Писательский труд – это акт не только сдачи на милость победителя, но и любви и доверия. И вновь нам напоминают о Пастернаке и его определении смелости, которая требуется тому, кто смотрит на чистый лист бумаги: «Творчество – это отчаянная постановка вопроса: жить или не жить?» [Гладков 1977: 59; Терц 1992, 1: 620]. Синявский иллюстрирует это длинной метафорой о реке с быстрым течением, которая охватывает писателя и несет: не надо бороться или сопротивляться, нужно просто плыть, нужно уйти на самое дно, прежде чем «из фразы выходишь немного пристыженным и ошарашенным тем, что сказалось» [Терц 1992, 1: 558].

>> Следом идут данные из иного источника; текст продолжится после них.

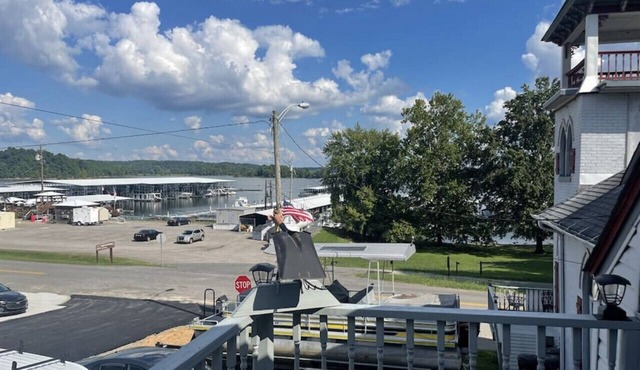 Marc`s Museum at Lak · Marc`s Museum at Lake Barkley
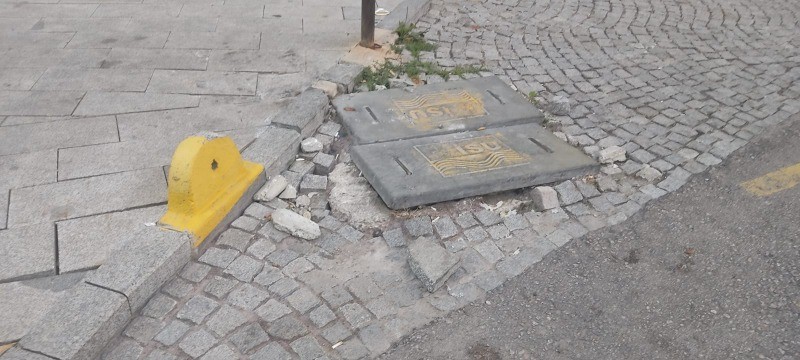 Dikkatsiz sürücüler kanal kapaklarına zarar veriyor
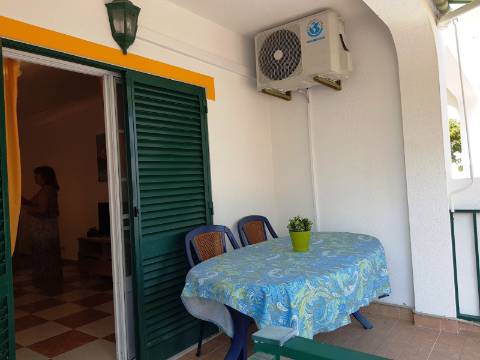 Apartamento T1 + 1 em Altura - Alagoa
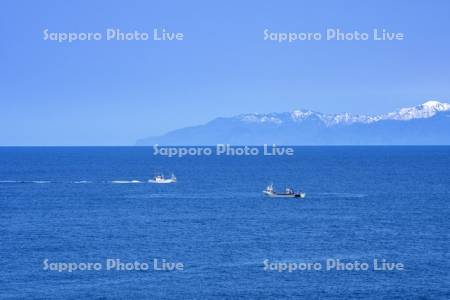積丹半島と漁船
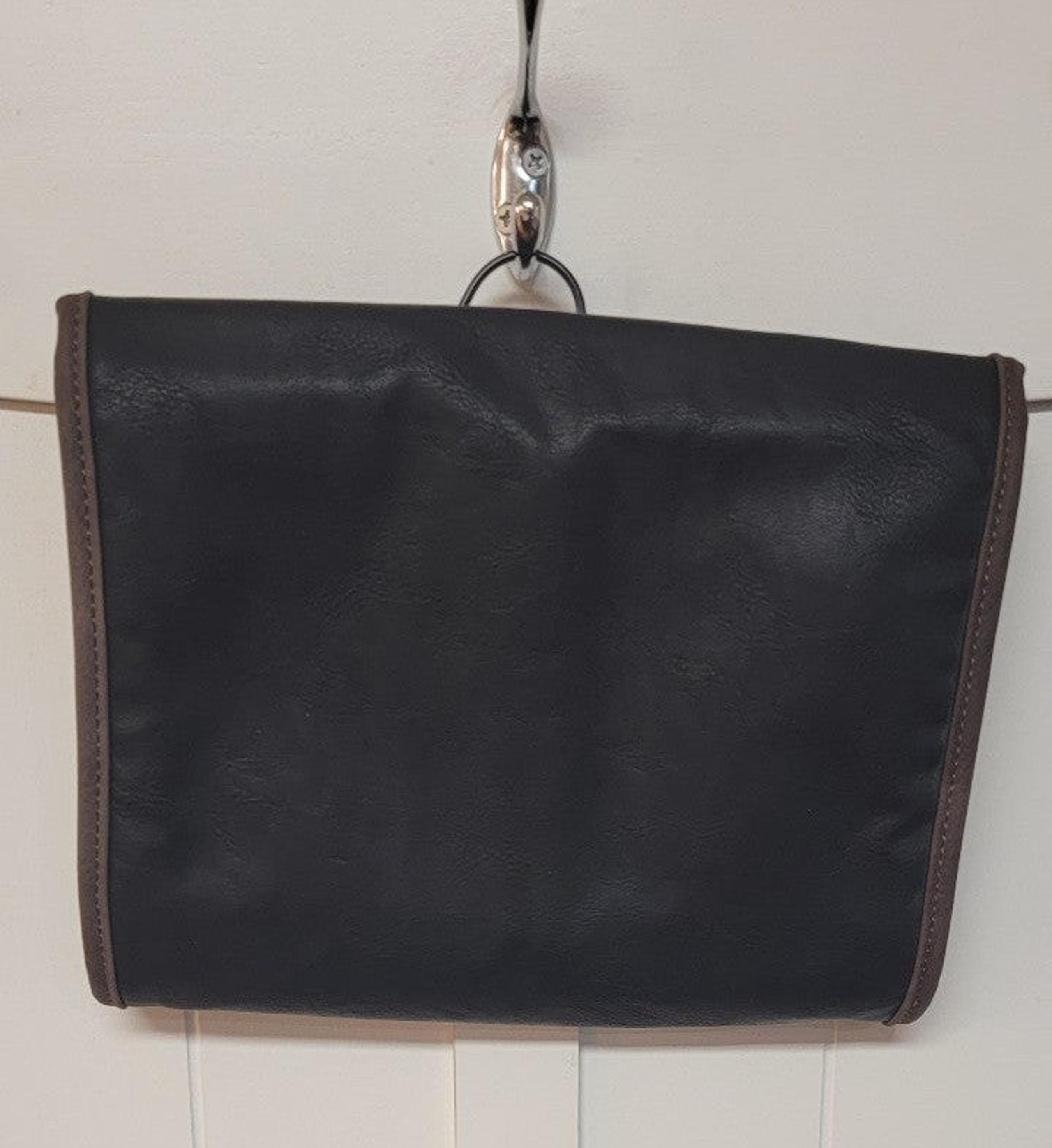 Hanging toiletry travel kit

Доверие и смирение соединены вместе как фундамент для писательского труда опять-таки в понятии случайности, важность которого Синявский подчеркивает, начиная писать о Гоголе: «Вот я и решил его перечитать, благо попался под руку, а в таких вещах тоже очень важна – случайность, слепая случайность, а не прожекты, на прожектах-то сам Гоголь провалился» [Синявский 2004, 3: 49][121]
.Пушкин, с другой стороны, не пытаясь управлять своей жизнью или жизнью своих читателей, подобно Ивану-дураку из русских сказок, доверяется судьбе [Синявский 2001: 43]. Начиная с пушкинского стиля «легкой болтовни», Синявский, опираясь на его идею лени, играет с взаимосвязанными понятиями случая и судьбы, риска и удачи – ассоциация, которая снова возвращает его к Пастернаку в конце «Прогулок с Пушкиным» и далее к Маяковскому, показывая, как вера в благодатное влияние удачи и (ленивая) сдача на милость провидения освободили Пушкина и научили его смирению. Рифмуя «воля» и «доля», Синявский показывает, что «смирение и свобода одно, когда судьба нам становится домом» [Терц 1975б: 49].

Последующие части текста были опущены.